Je sursaute. Cette voix ! Cette voix m’enveloppe, elle grandit et roule sur les bosselures du désert. Elle vient des étoiles, j’en suis sûre.

   — J’ai créé l’univers comme ça. C’était fait pour être solitaire, vide, compliqué… et merveilleux. Tu peux bien être patriote. Les atomes dans ton coin d’univers sont particulièrement réussis, sans vouloir me vanter.

   — Qui es-tu ?

   — Vous, les Terriens, vous m’avez donné bien des noms, ça m’amuse. Ce qui est plus intéressant, c’est ce que je fais.
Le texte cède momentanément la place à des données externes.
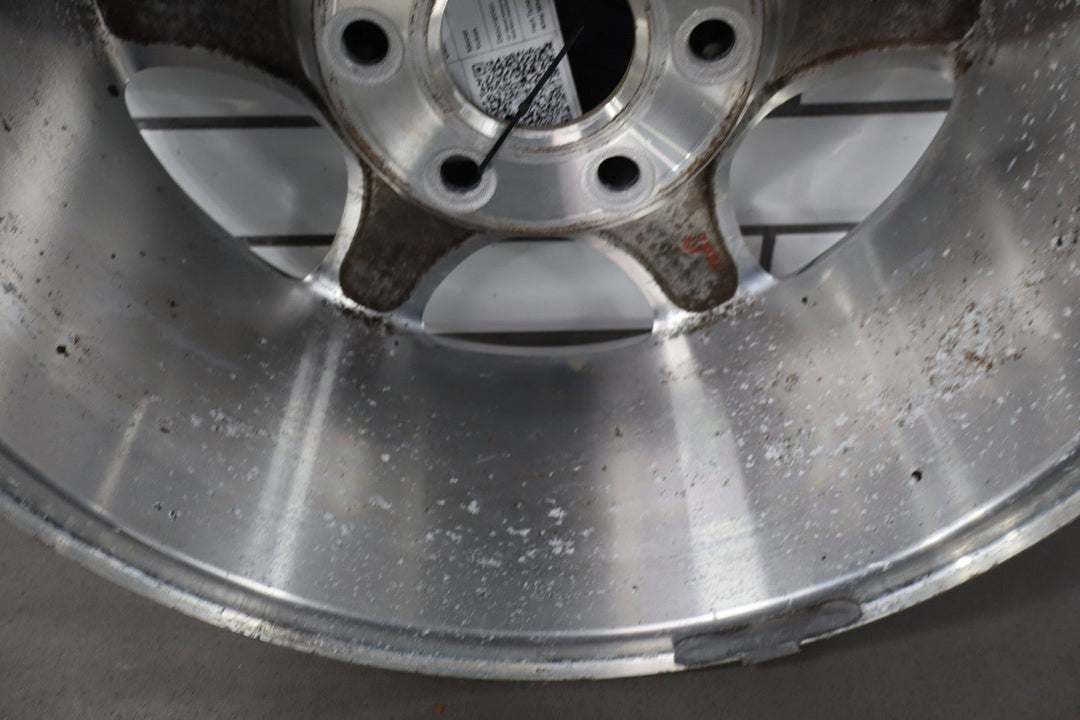 GMC Polished Yukon XL 1500 Sierra Denali OEM Wheel 17” 2001 - 2007 Factory 5132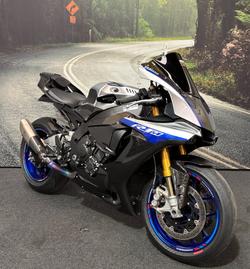 2019 Yamaha YZF-R1 M Blue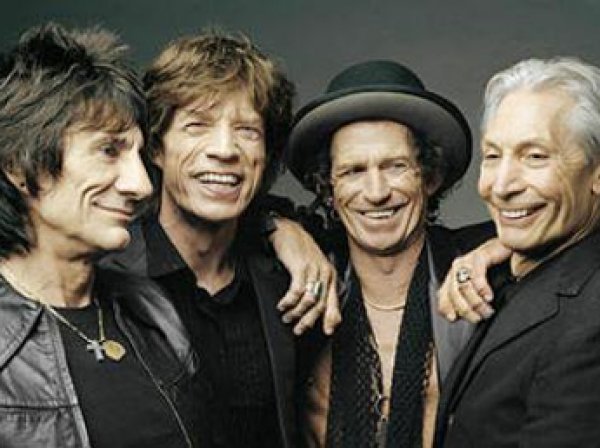 Группа The Rolling Stones впервые за 11 лет выпустил новый альбом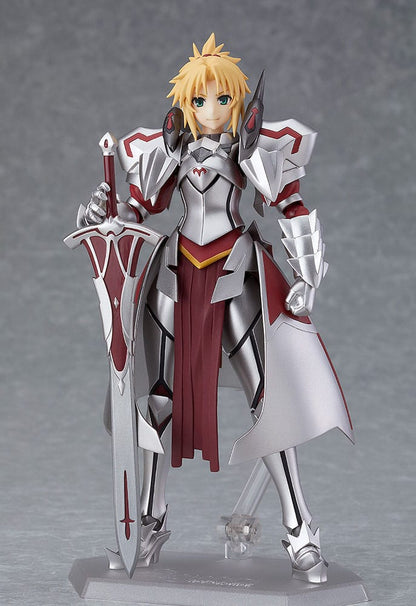 Fate/Apocrypha Figma Saber of Red figurine 14 cm Max Factory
Dans ton langage, je crois qu’on peut dire que je joue. C’est important.

   — Tu m’as entendue… et tu m’as répondue. Comment ? Pourquoi ?

   — J’écoute toujours les voix perdues dans le désert. Ce sont à elles qu’on peut donner des ordres. Tu dois...

   — Pas à moi. Je n’aime pas les Tu-dois. S’il le faut, j’irai jusqu’à la Lune à la nage, mais je n’obéirai pas à vos Tu-dois de pacotilles de rien du tout. Ordres de la nuit ou pas !

Silence.

   — J’aimerais, s’il te plaît, que tu ailles débrancher la Terre. Toutes ces lumières, c’est fait pour les étoiles et les feux, pas pour les planètes. Ça me déconcentre. Entends-tu ? L’orchestre sonne faux.

   J’écoute. La voix dit vrai. Dans la musique des sphères, j’entends une discordance que je n’avais jamais entendue, du temps de mon île. Ça glisse ; mais ça crisse, ça coince, ça crispe. Un brin d’ivraie s’y est glissé. J’ai mal à la tête.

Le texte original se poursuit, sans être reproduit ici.